Kin Groups and Descent. Across the LoDagaa cluster, roughly from east to west, there is an increasing emphasis on the role of matrilineal descent groups. In the east, the Dagaba are organized on the basis of patrilineal descent groups alone. Several of these exogamous units exist in each parish. These lineages, which trace patrilineal relationships between their members, belong to wider named clans, segments of which are found in widely dispersed settlements, even those of different "ethnic" groups, roughly tracing out lines of migration. Groups to the west also have matrilineal clans, and all except the Wiili (and formerly even some of the LoWiili) inherit land and immovables agnatically and inherit movables (wealth, cattle) through the uterine line. Hence, the patricians are locally based, but the matriclans are dispersed. These groups are therefore variants of classic double-descent systems.

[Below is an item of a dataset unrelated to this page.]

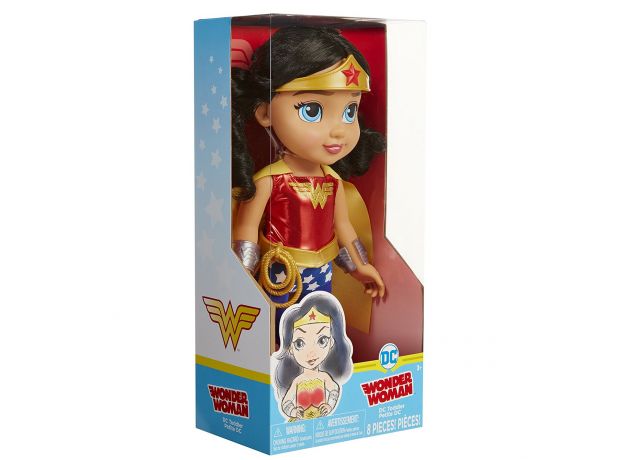 عروسک 38 سانتی کودکی‌ wonder woman, image 4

Patrilineal clans are numerous, each with its own prohibitions, often against the killing of a totemic animal or the eating of foods in a particular way. The clans are paired in joking relationships, and their ritual foci are lineage shrines. Among the Lobi and, to some extent, the Birifor, although patrilineal clanship is concealed, it is significant in landownership and in some ritual affairs, especially in the Dyoro initiations. The matriclans, right across the cluster, are basically four in number—Some, Da, Hienbe, and Kambire. The first two and the last two are paired in joking relationships, which are particularly important at funerals. These dispersed matriclans have particular loci where sacrifices are occasionally performed.
Kinship Terminology. In a double-descent system, one can refer to any kin either in the patrilineal or in the matrilineal mode. The patrilineal mode is Omaha, whereas the matrilineal one is Crow. The dominance of these different modes depends upon the strength of the relevant groups.